Oetti utters yet another thing that makes you go hmmm...

Comment Gaffe-prone Gunther is at it again. This time the EU Digi-Commissioner Gunther H-dot Oettinger has described the enforcement of "uniform" net neutrality as "Taliban-like".

Unsurprisingly digital rights activists have not been pleased at being compared with a fundamentalist organisation judged by the UN to be responsible for the massacre of thousands in Afghanistan.

Nevertheless, for a man who rarely smiles, Oettinger seemed pleased with his analogy while speaking at a German Ministry of Finance event last Thursday (video link in German).

"Here we’ve got, particularly in Germany, Taliban-like developments. We have the Internet community, the Pirates on the move, it’s all about enforcing perfect uniformity,” he said.

“Net neutrality” is the phrase du jour in Brussels as national telco ministers finally came to an agreement on a draft law last Wednesday. Activists say the proposed law, as re-written by the EU's council of national ministers, leaves the door open for a two-tier internet.

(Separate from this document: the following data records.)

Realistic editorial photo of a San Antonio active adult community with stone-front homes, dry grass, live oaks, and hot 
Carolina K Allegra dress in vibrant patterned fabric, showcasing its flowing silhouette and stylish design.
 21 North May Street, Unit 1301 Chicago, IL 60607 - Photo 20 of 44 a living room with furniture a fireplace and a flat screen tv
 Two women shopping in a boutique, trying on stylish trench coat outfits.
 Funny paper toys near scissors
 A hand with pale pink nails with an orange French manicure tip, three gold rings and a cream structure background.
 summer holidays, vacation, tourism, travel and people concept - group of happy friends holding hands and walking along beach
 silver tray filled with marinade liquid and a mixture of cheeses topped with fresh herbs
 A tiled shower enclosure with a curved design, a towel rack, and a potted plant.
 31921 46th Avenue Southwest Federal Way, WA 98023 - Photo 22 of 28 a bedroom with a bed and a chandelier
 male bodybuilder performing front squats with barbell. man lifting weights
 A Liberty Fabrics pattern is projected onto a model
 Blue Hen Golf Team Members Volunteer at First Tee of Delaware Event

Yet it does set out new rules on traffic management that ban blocking or slowing down specific content or applications, with a number of exceptions: for example, in situations where customers have requested spam blocking or to prevent cyber attacks. The draft also allows for “specialised services”.

Confusingly, Oettinger seems to think that net neutrality will put lives at risk.

“If you want to have real time road safety, our lives are at stake, this has to have absolute priority with regards to quality and capacity,” he said, reverting to a favourite topic – cars.

He suggested a scenario where children might, er, use up bandwidth on games and YouTube that would otherwise be used to prevent an accident. Quite what products or services he is imagining is not clear – but his rhetoric certainly is.

“I think downloading YouTube can wait a few seconds. I think we can let the game at some times be less than perfect on the screen. But road safety and health and a few others come to my mind: They should be able to deviate from net neutrality, this Taliban-like issue,” said Oettinger.

Oetti is known for being outspoken. He frequently gives public statements on issues that are not under his brief, recently calling Greece “a bull in a china shop” in its financial negotiations with Brussels. The Commission seemed keen to distance itself from Oettinger, describing his remarks as “his private opinion”.

One EU blog, Kosmopolito.org, went so far as to say that “giving him [Oettinger] the digital portfolio in the European Commission may have been Juncker’s biggest political mistake so far.”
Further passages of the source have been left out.